There's a seeming comment on the critical concept of the gaze years before it was established in the specialised circles it has currency in to-day as the film's other male lead, Jean Claude Brialy, watches a stripper in apparent boredom and she stands watching him in equal disinterest.
Each time the camera cuts from his close up, the woman loses a garment until she's topless.
The impression this creates is that her clothing is being removed as a result of his attention.
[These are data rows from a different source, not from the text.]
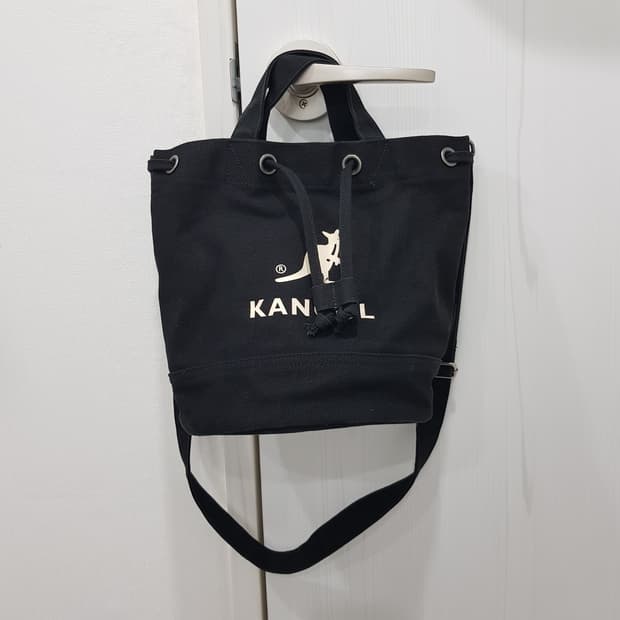 캉골 블랙 캔버스 버킷백 복조리백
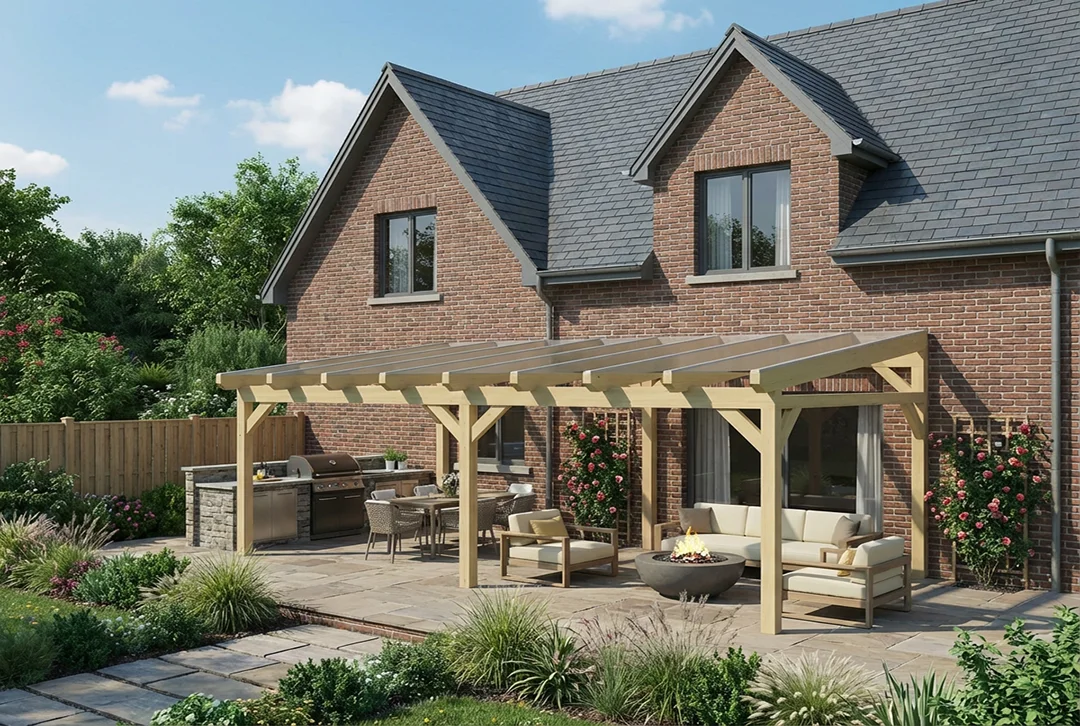 Terrassenüberdachung Holz 500x350cm VSG Natur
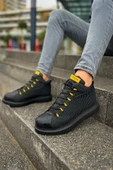 Bağcıklı Erkek Sneaker Bot Siyah Sarı thumbnail 1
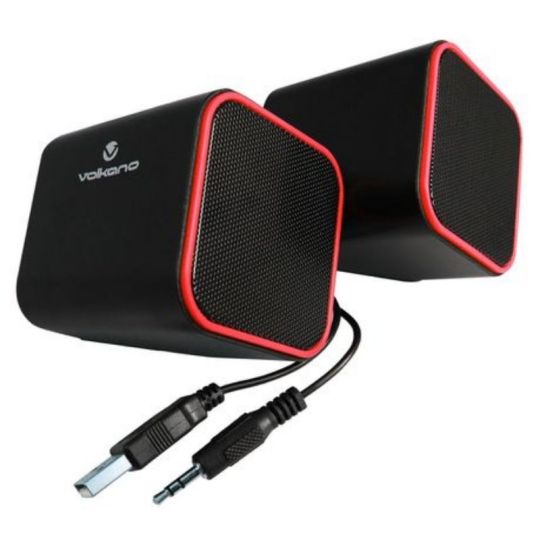 Volkano - Diamond Series USB Powered Speakers - Red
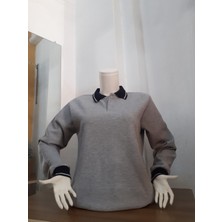 Mavera Gri Yakaları Laci 2 Düğmeli Sweatshirt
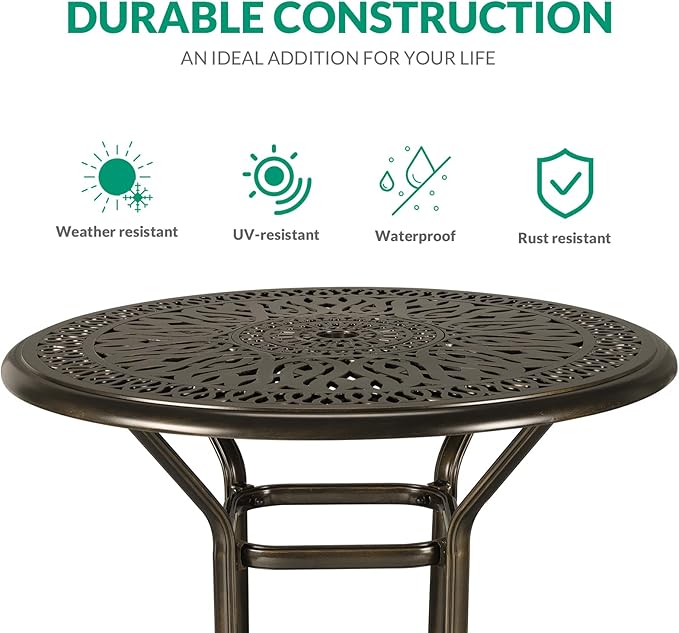 VIVIJASON 5-Piece Patio Swivel Bar Stools Set, All Weather Outdoor Cast Aluminum Bar Height Bistro Set with 4 Cushioned Bar Chairs & 35.4" High Bar Table w/Umbrella Hole for Backyard, Lawn, Garden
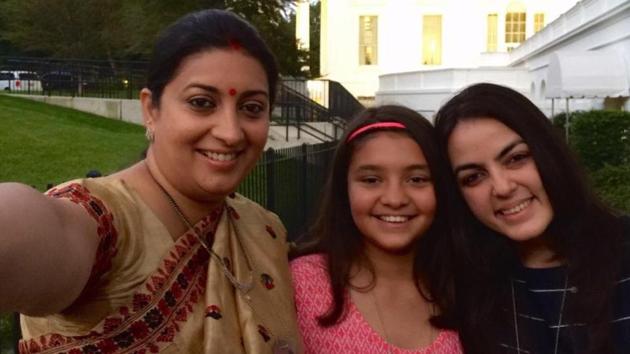 National Girl Child Day 2020: Smriti Irani with her daughters.(Twitter/@smritiirani)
That neither party seems particularly moved makes this feel a little like a precursor to the topless woman at the party in Godard's later film Pierrot le Fou whom no-one seems to acknowledge is topless, as though it's become normal in the course of the continually more revealing trends of fashion.
The life, the film seems to say, isn't in the naked breasts but in the pleasure one feels for seeing them or showing them. In much the way this film succeeds as a musical despite having only one song. A sequence where Karina and Belmondo self consciously pose as Gene Kelly and Cyd Charisse is alive with the fact that Karina, Belmondo, and Godard love movies with Gene Kelly and Cyd Charisse.